However, the existing studies indicate only that
AOP provides a better lexical SoC, but fail to show
that AOP improves modularity. The advocates of
AOP wrongly identify lexical SoC with the meaning
attributed to SoC by Dijkstra. Next, they conclude
that if AOP enriches SoC techniques, then it enables
better modularity. However, something is wrong
with the above reasoning. The results of some
research (Tourwe, Brichau & Gybels 2003; Kästner,
Apel & Batory 2007; Figueiredo et al. 2008) indicate
that AOP leads to software that is as hard, or perhaps
even harder, to evolve and to reuse than was the case
before. Yet, it is documented that the improved
modularity translates into easier maintenance and
code reuse. The aim of this paper is to discuss
whether the aspect-oriented SoC makes software
more modular.
4 ASPECT-ORIENTED SOC: A
THEORETICAL DISCUSSION
4.1 AOP Promotes Unstructured
Programming
Constantinides, Scotinides & Störzer (2004) show
that AOP has some of the problems associated with
the GoTo statement. In particular, it does not allow
for creating a coordinate system for the programmer.

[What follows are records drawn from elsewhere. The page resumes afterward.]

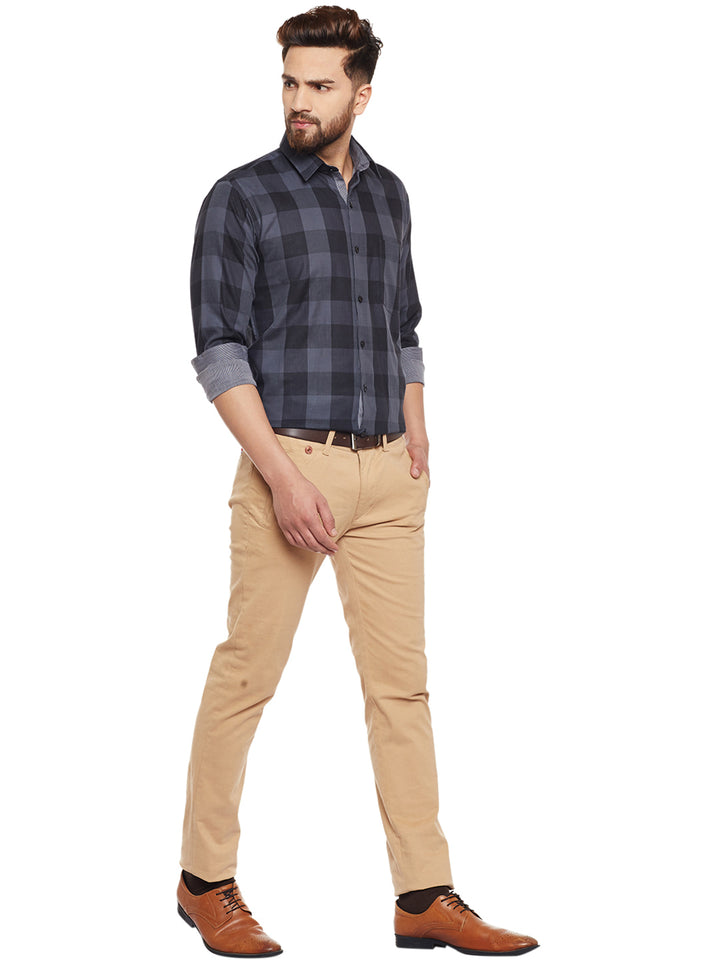 Men Grey Checked Slim Fit Casual Shirt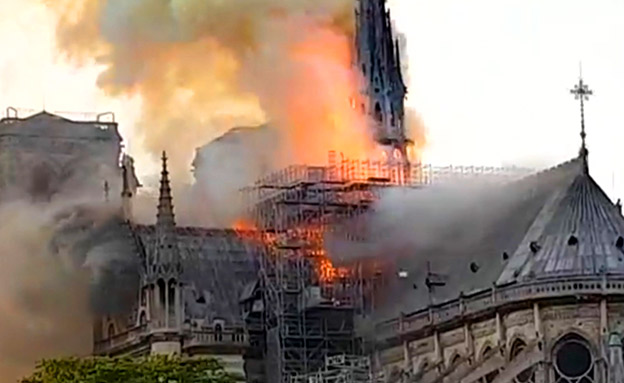 הלהבות אוחזות בקתדרלה (צילום: חדשות)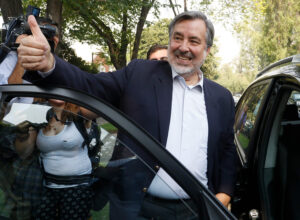 Alejandro Guillier se convierte en el candidato presidencial del Partido Socialista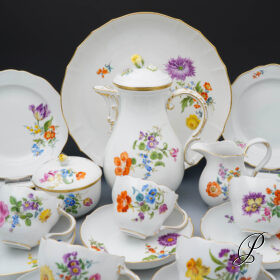 Kaffeeservice Meissen für 6 Personen im Dekor Blume4 schräg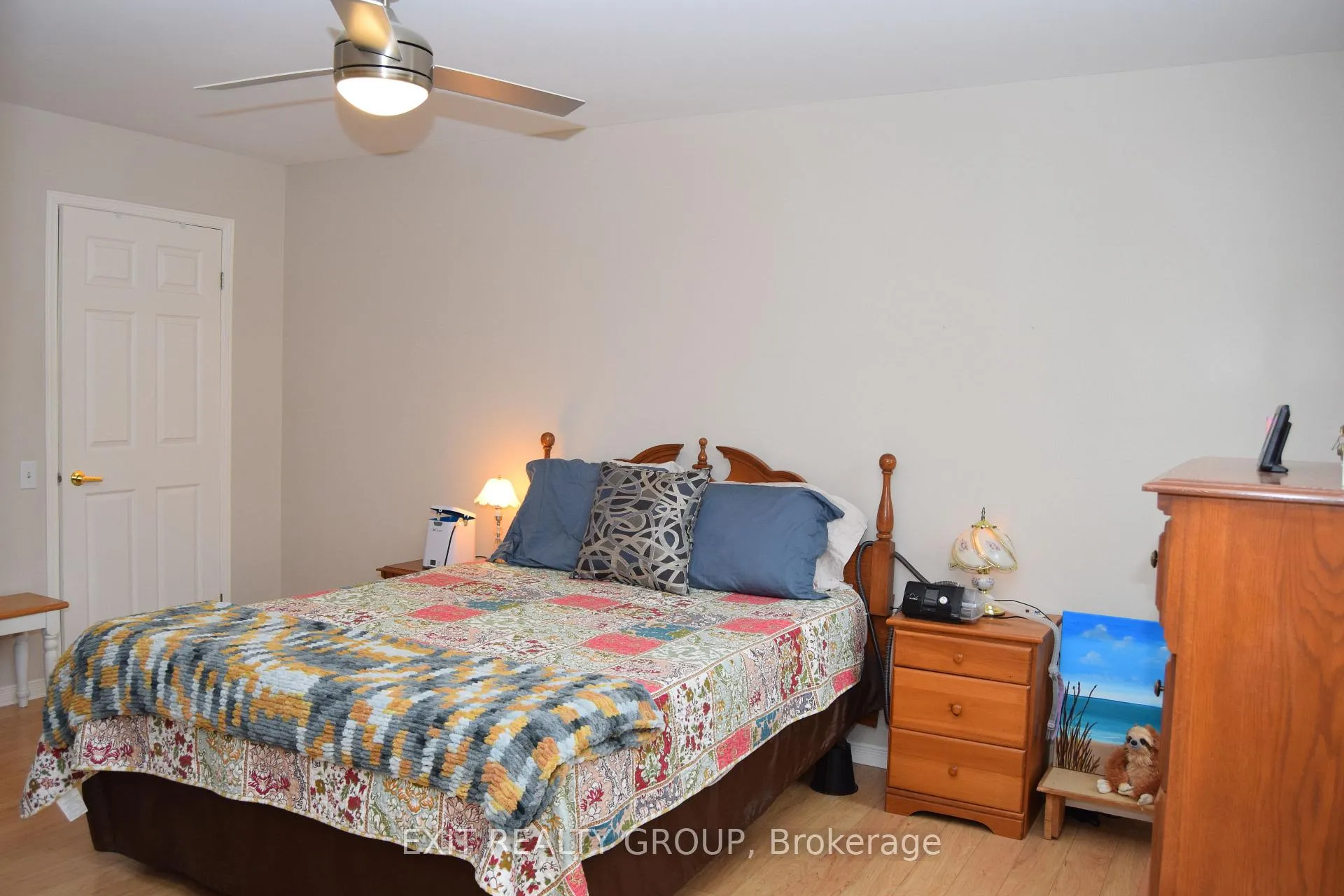 Photo 11 of 9 Empire Boulevard, Prince Edward County, Wellington Ward — HOMEH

Since an advice can plug into just about any point of
execution of a program, one can never know the
previous (or following) statement of any statement
(Steimann 2006). An advice is even worse than
GoTo as the GoTo statement transfers control flow
to a visible label, while an advice does not. As a
result, just looking at the source code of the base
module is not enough to deduce a variable value –
an advice might have changed it invisibly for the
programmer. Constantinides et al. compare Advice
to the ComeFrom statement, which was proposed as
a way to avoid GoTo – of course only as a joke
(Constantinides, Scotinides & Störzer 2004).
4.2 AOP Breaks Information Hiding
A well designed module hides its implementation
details from other modules. Prior to AOP, public
interfaces together with private implementations
guaranteed that changing a module’s implementation
would not break other modules as long as the
interface would be kept the same. Since AOP this is
no longer true. A pointcut expression allows a
programmer to ignore the provided interface of a
base module by capturing calls to the private
methods. Then changes to the implementation of the
base module might crash the pointcut expression.

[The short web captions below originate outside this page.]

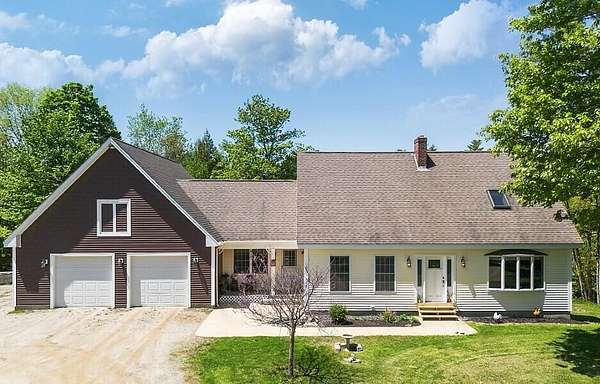 5.74 Acres of Land with Home for Sale in North Yarmouth Town, Maine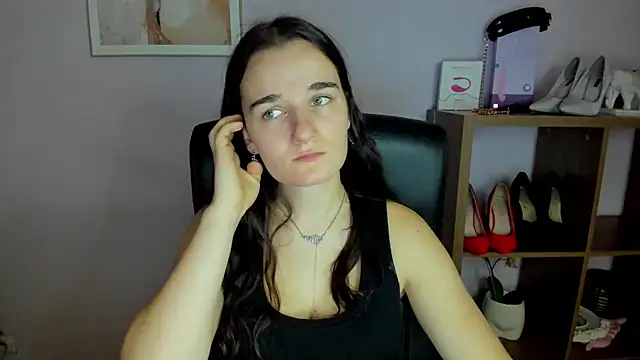 Snapshot of KateDelight chatting on 11-02-25, 07:44 KateDelight online show from 11-02-25, 07:44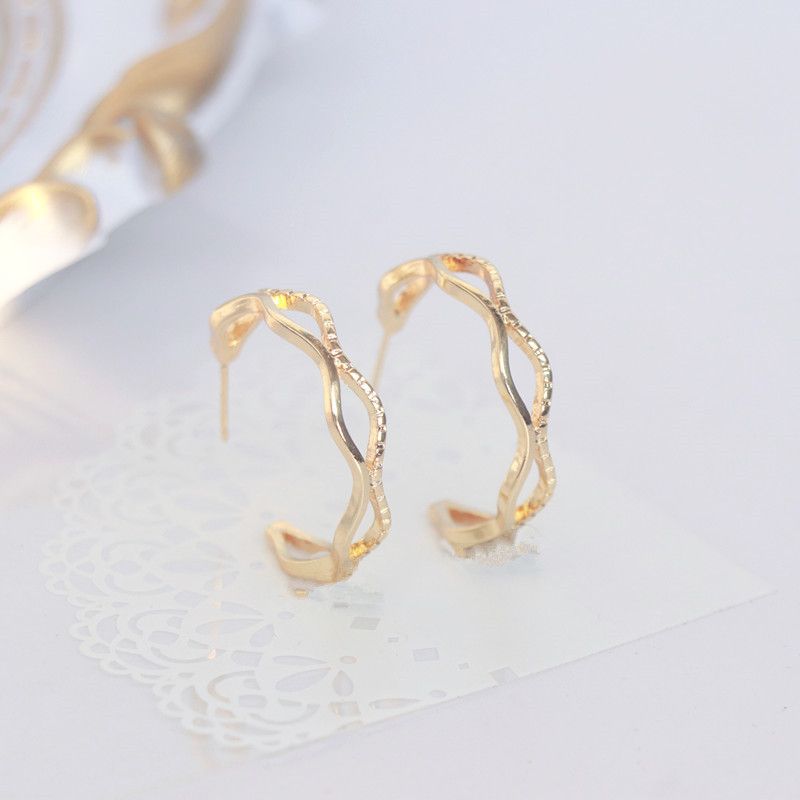 1 Pair Simple Style Geometric Alloy Plating Women's Ear Studs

Hence, aspects can break down as classes evolve.
Aldrich (2005) tightens this problem by restricting
quantification, in that internal communication events
(e.g., private calls within a module) cannot be
advised by external clients.
In addition, an aspect can access the private
members of any module by using the privileged
modifier. In turn, it leads to a globalization of the
data contained in modules. Hence, the conclusion
drawn by Wulf & Shaw (1973) — that in the
presence of global variables a programmer needs “a
detailed global knowledge of the program” — is
therefore also true for the presence of aspects
(Steimann 2006).
4.3 AOP Leaves Interfaces Implicit
Steimann (2006) tries to apply the idea of
provided/required interfaces to AOP. On the one
hand, the aspect provides a particular service
through which it extends the base module; therefore
it should specify the provided interface. However,
the matching required interface of the base module
remains implicit — the base module does not
specify that it needs something. On the other hand,
the base module provides a set of program elements,
which are required by the aspect to perform its
function. Although the aspect depends on these
elements, the base module comes without an explicit
counterpart interface specification: its provided
interface is implicit. Seen either way, the base
module specifies no interfaces that could be matched
with those of its aspects (Steimann 2006). For the
programmer of the base module, this means that
everything accessible for aspects should be kept
constant.
The efforts of introducing an explicit interface
between aspects and base modules were originated
by Gudmundson & Kiczales (G&K) and then
WHAT IS WRONG WITH AOP?
127
continued by Aldrich. Gudmundson & Kiczales
(2001) that the signature (a name and
parameterization) of a pointcut can convey the
abstract responsibility captured by the pointcut
definition. Such as, pointcuts provide a basis for a
new kind of interface, which G&K call the pointcut
interface. A pointcut interface consists of a
collection of named pointcuts and is exported by the
base module, which can be a class or a package. The
pointcut definition is kept within the module that
exports the interface, so anyone looking at the
definition would also be looking at the
implementation of the base module. By having the
exported pointcut, the programmer is aware that the
base module may be influenced by aspects.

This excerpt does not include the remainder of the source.